Perhaps more than any other area of crypto finance, DeFi offers the best example of how harmonized market conduct, clear risk disclosure, code audits and privacy-preserving digital identity can replace adverse regulatory measures as a means of preserving the integrity of a financial system. These complementary innovations are being developed alongside the continued growth of the digital asset market. Indeed, the rapid emergence of these markets also comes with a public audit trail that speaks to the continuous improvement of the world of open finance.
Yes, age-old warnings such as “buyer beware” and “never invest more than you are willing to lose” apply to DeFi as well as traditional capital markets. But the potential offered by well-regulated DeFi outweighs the risks. These include transparency and verifiability, thanks to the superpower of public blockchains. There are also powerful advantages with price discovery, settlement speeds and finality, and the fact that software, like the internet, is always on. Armed with trusted forms of digital currency and software-powered capital markets, finance can now keep pace with the modern economy.
One of the main risks of concern to policymakers, regulators and financial compliance bodies is the inherent opacity of counterparties to a financial transaction or arrangement, who may be unknown or pseudonymous. But that’s not a flaw with DeFi so much as an issue for self-hosted digital wallets, which enable a “at your own risk” version of crypto finance while allowing an open developer community to thrive. Due to their novelty, DeFi protocols can also be powered by often untested software that may be riddled with bugs or fall prey to technological vulnerabilities.
Yet despite these challenges, the presumption of privacy and access to even basic financial services represents a healthy point of tension between emerging blockchain-based financial services and prevailing financial compliance requirements designed to protect against money laundering. money and other crimes. What if privacy and financial integrity were not trade-offs? The emergence of digital identity and authentication standards alongside blockchain-based financial services can help ensure that the continued growth of DeFi does not come at the expense of important financial security or disclosure requirements. Indeed, there is now a cottage industry in the realm of crypto financial integrity. Great businesses are building themselves in blockchain forensics and analytics, as well as tracking, tracing, and even recovering illicit money flows denominated in various cryptocurrencies.
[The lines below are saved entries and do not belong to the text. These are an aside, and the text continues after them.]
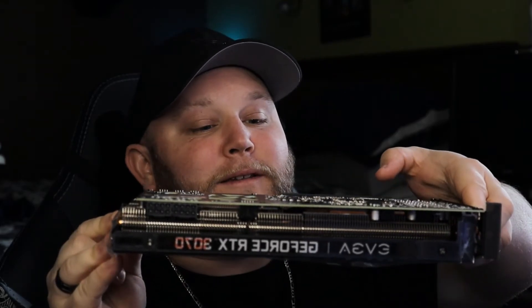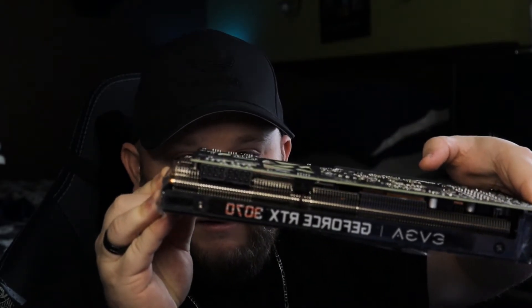Oh bro, this thing looks sick! Love it, love it, love it. I like the look — I like the little EVGA emblems all over the fans, like they're raised and embossed so you can actually touch them.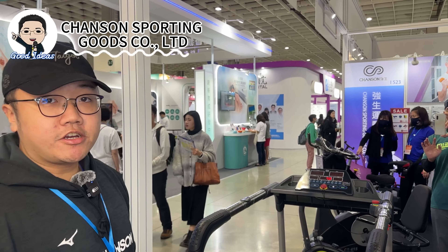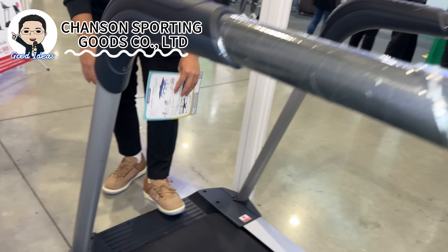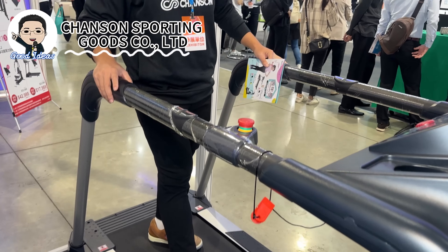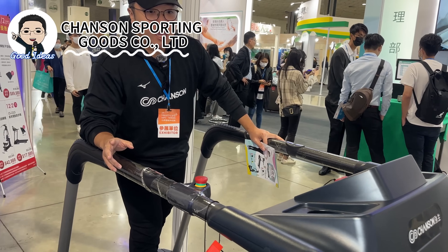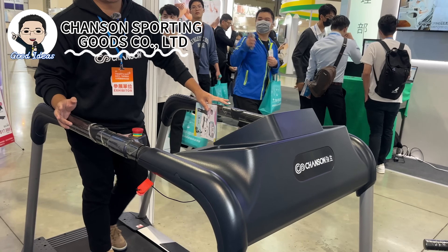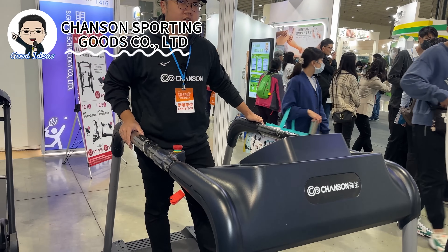What we have here is our treadmill, which is a really unique treadmill. The board is really low and the handle is really long. The design is for elderly people who probably cannot move well and might stumble, so they can use their hands to walk up to the treadmill safely.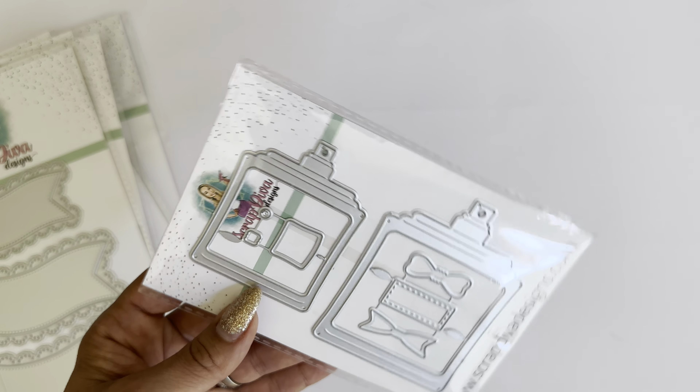I believe Mommy and Me Craft and the Pink Ape recently posted videos showing really cute little projects making banners out of these. Adorable — definitely a must-have for your crafty stash, and you can use this one year-round.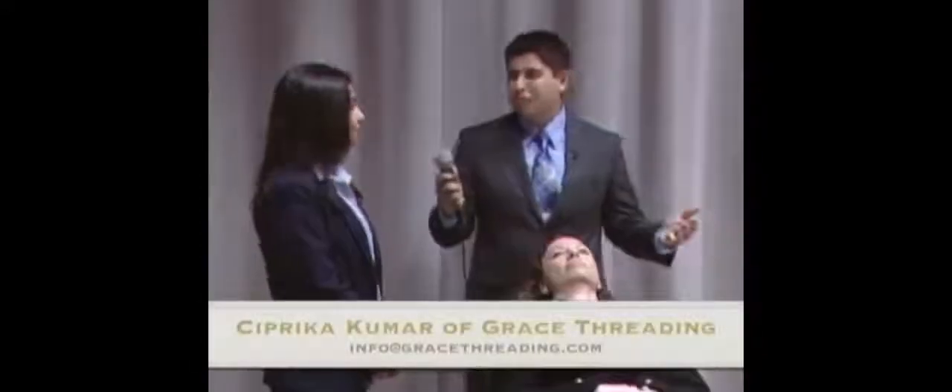Hi, my name is Hugo Mejia and today we have Sipika Kumar who is the owner of Grace Threading. She's going to be doing a live demonstration of what threading is. Tell us a little bit about threading.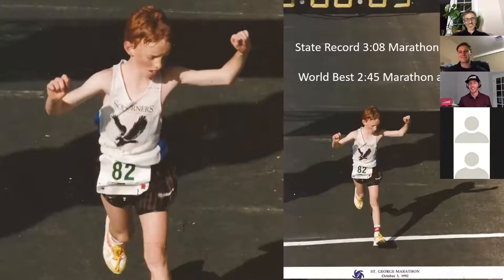This is 10-year-old me crossing the finish line of my first marathon. And again, I had been taught to run like a Kenyan. And that world record still holds, as far as I think we spoke.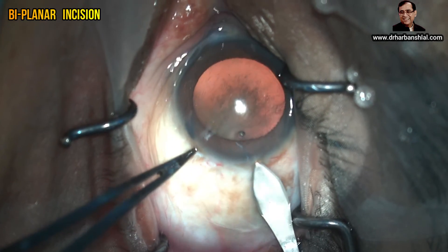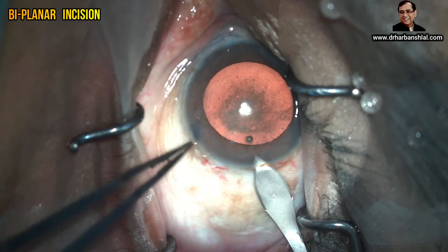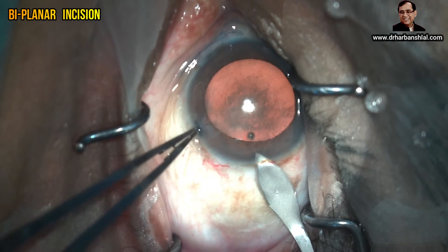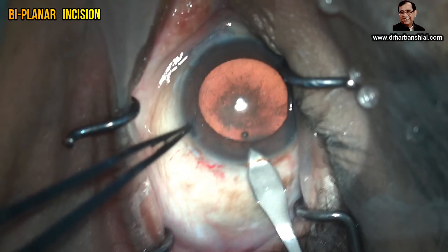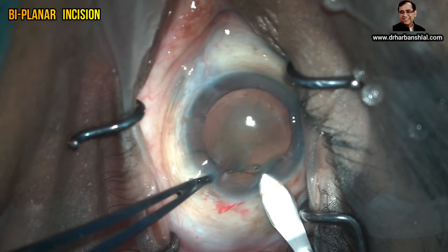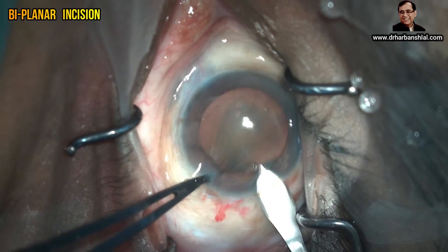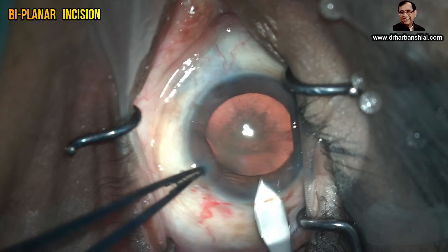Stabilize by grasping the side port incision. Once the keratotome is initially engaged, the tip is pointed according to the curvature of the cornea — that is, slightly forward. Once you have reached 1.5 to 2 millimeters deep, then point the tip backwards to achieve the perforation, and again forwards to achieve the perfect tunnel.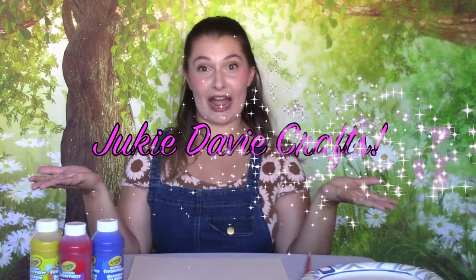Hello everyone, this is Juki Davey Crafts. My name is Juki Davey, but you can just call me Juki. Today we are going to be painting a beautiful picture using q-tips.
These companies, including newer ones like Solidus Laboratories– which focuses on DeFi risk reduction and harmonize market integrity standards– form a veritable “digital firefighter” if a crypto transaction or market goes wrong.
In a world where so many people are on the margins of the financial system, we should be encouraged by the art of the possible through the emergence of ever-available digital financial services. If DeFi and similar new approaches to finance really go mainstream, a person’s wealth or opportunity may no longer be determined by the zip code or country where they were born. This, in large measure, because the scale of economic mobility is no longer supported by bricks and mortar, but by bits and bytes.
Dante Disparte is chief strategy officer and head of global policy at financial services firm Circle. He is a life member of the Council on Foreign Relations and sits on the World Economic Forum’s Digital Currency Governance Consortium. Note: Circle is a partner of the GeoEconomics Center.